Marten Mickos Gives MySQL, Under Oracle, His Blessing

by Ostatic Staff - May. 04, 2011

When Oracle announced its intent to acquire Sun Microsystems in 2009, one of the first questions asked in the open source community was what the fate of MySQL would be. After all, MySQL had spent years growing in popularity, largely driven by adoption at the departmental level in businesses and organizations, and many perceived it to be a pronounced open source threat to proprietary database systems like the ones Oracle had specialized in. There was even speculation that Oracle might be buying Sun partially to shut MySQL down. Now, Marten Mickos, the former CEO of MySQL says its code base is actually in fantastic shape.

In 2009, prior to Oracle's announcement of intent to buy Sun, Oracle had already sought to buy MySQL in 2007 for $850 million,  which was the third time the company had attempted to acquire it. Although Oracle CEO Larry Ellison was adamant that the crown jewel in the Sun buyout was Java, there is no doubt that MySQL played a big part in Oracle's decision.

Now, in an interview, former MySQL CEO Marten Mickos, who has gone on to head up Eucalyptus Systems, which focuses on open source cloud solutions, has this to say about MySQL version 5.5, which he calls probably "the best MySQL version ever produced":

"It's brilliant engineering and they are under the GPL license, completely open source, fantastically built, a low number of bugs, well tested and QA'd. All of that is fantastic. But where you see it already changing is that in community engagement, discussion forums, bug databases, online documentation, you see how they are moving MySQL into the same mode as other Oracle products. Many in the community will react against it and feel that it's not as open and open source as it used to be and that's true. That's why you see new companies springing up and catering to that need. But the core product, the actual code, is in better shape than ever. And I think they will keep it that way."

There are a lot of people who wouldn't have expected this outcome.

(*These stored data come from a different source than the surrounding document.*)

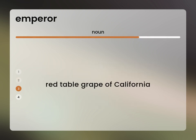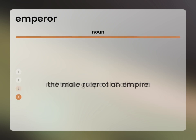Red Table Grape of California. The male ruler of an empire.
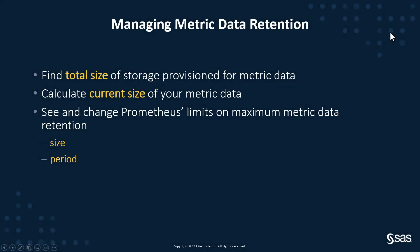So that's it for this video. Nice and simple. You now know how to calculate the current size of the data and how to see what the Prometheus limits are on maximum metric data retention size and period and how to change them. Please let me know in the comments below if this has been a useful video or if there's another topic that you'd like me to make a video about. And for more tips and tricks, take a look at the other videos in the SAS Technical Insights and Expertise series. Watch out for more videos from me on log and metric monitoring in SAS Viya Monitoring for Kubernetes.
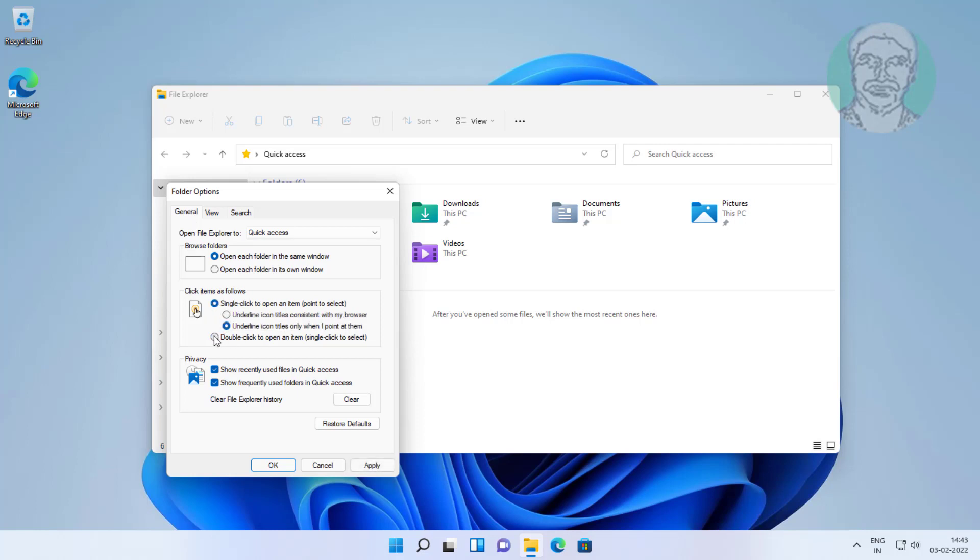Check double click to open an item, single click to select, click apply, click OK.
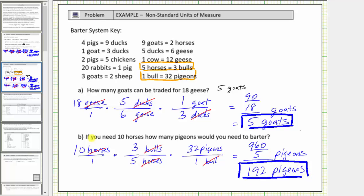Going back to the question: if you need ten horses, how many pigeons would you need to barter? The answer is one hundred ninety-two pigeons.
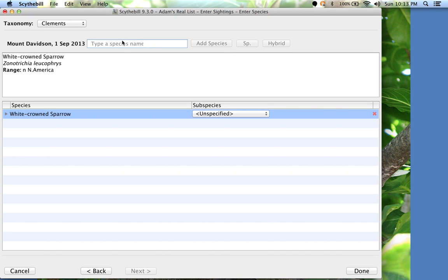Because I've birded on Mount Davidson so many times and entered those sightings, Scythebill knows quite well what's most likely to be seen there. That's why the very first option for W was White-crowned sparrow. The more data you enter, the better Scythebill's guesses will be.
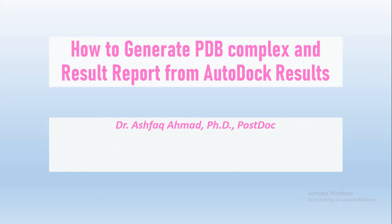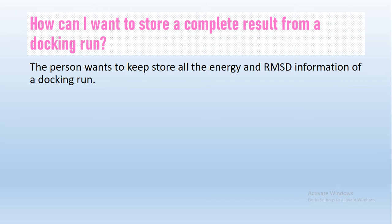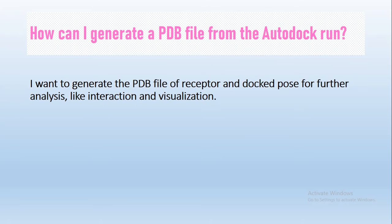The questions include how to generate a PDB complex file from the Vina result, how to generate a complete record of the energy of the docking result, and I will also teach you a few simple tricks to use AutoDock. This will be a shorter video, probably less than 10 minutes. The first question is: how can I store a complete result from a docking run? The second question is: how can I generate a PDB complex file for further analysis like visualization and interaction from the PDBQT results generated in AutoDock Vina?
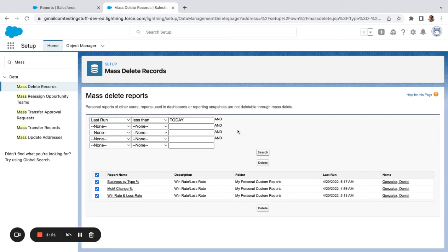Now, if these reports belong to a dashboard, you're not going to be able to mass delete the reports. So one thing you're going to want to do first is delete the dashboards that you're not using, and then come in and delete the reports.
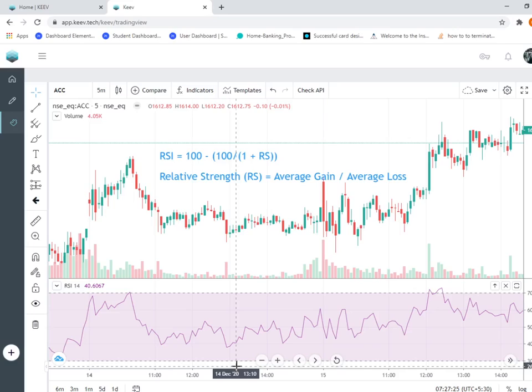In the next video, we're going to understand how you can create a strategy out of it and how we can run a back test and optimize our strategy. If you like this video, please like, subscribe, and don't forget to press the bell icon. Thank you and have a nice day.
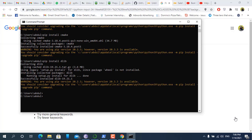The dlib installation is successful. So this is the whole procedure to install dlib.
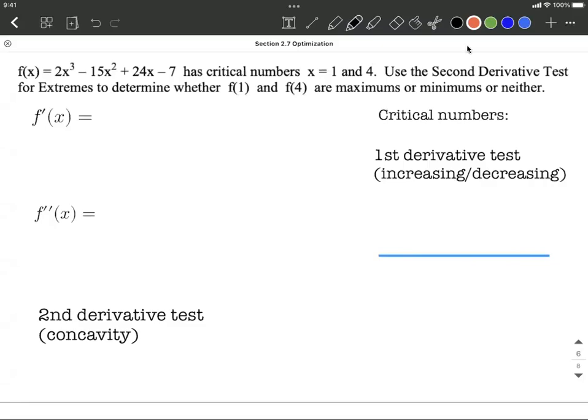We're given a function and we know that it has critical numbers at x equals 1 and x equals 4. We want to go through the second derivative test for extremes to figure out if those will be maximums or minimum values. How we do this is we'd first take the first derivative.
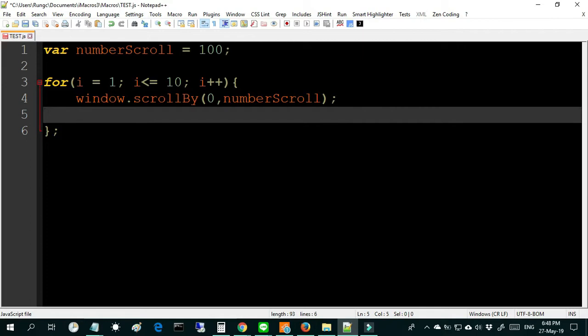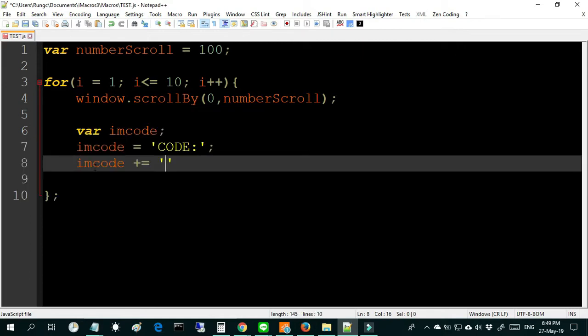In the video, you can see I will use the command iMacro for delay one time per scroll.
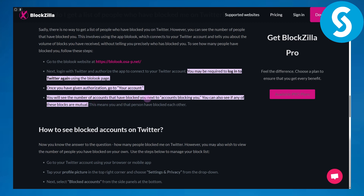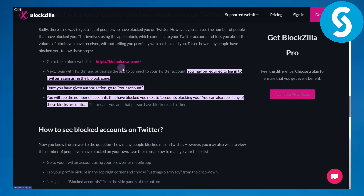Once you have given authorization to your account, you will see a number of accounts that have blocked you, listed next to 'accounts blocking you.' You can also see if any of these blocks are mutual — this means you and that person have blocked each other. So there is a lot of information there that you are looking for.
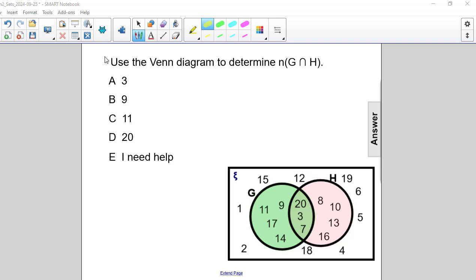Use the Venn diagram to determine the cardinal number of the intersection of sets G and H. The intersection of sets G and H is this region in here, which I'm highlighting in yellow.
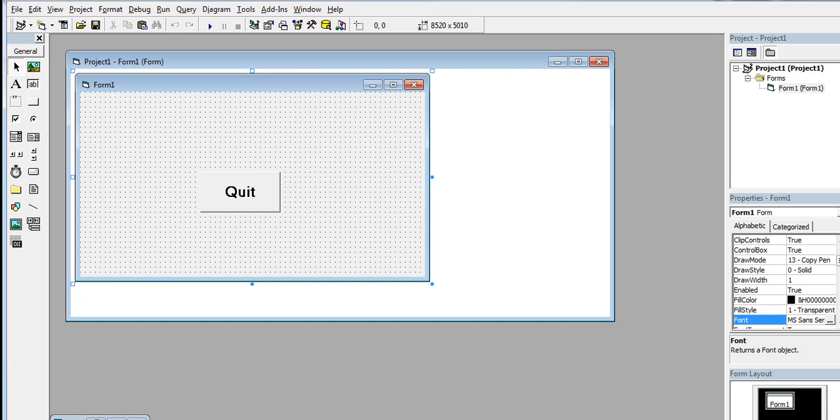Okay guys, so this is the end of our short and very straightforward video on how to close a form in Microsoft Visual Basic 6. I hope that you have learned something new in this tutorial video. Thank you.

Although Mickos concedes that MySQL has been brought more in line with Oracle's database offerings, he clearly heralds the openness that MySQL retains. Notably, Mickos also says that the upcoming version 5.6 of MySQL is strong as well. 

In the long run, MySQL is likely to become an on-ramp for many organizations to adopt other Oracle database and middleware offerings, but as long as it retains its core open source ethos, MySQL is forkable, flexible and in every way alive. That's good news after all the rampant speculation that MySQL would go the way of the dodo under a commercial software titan.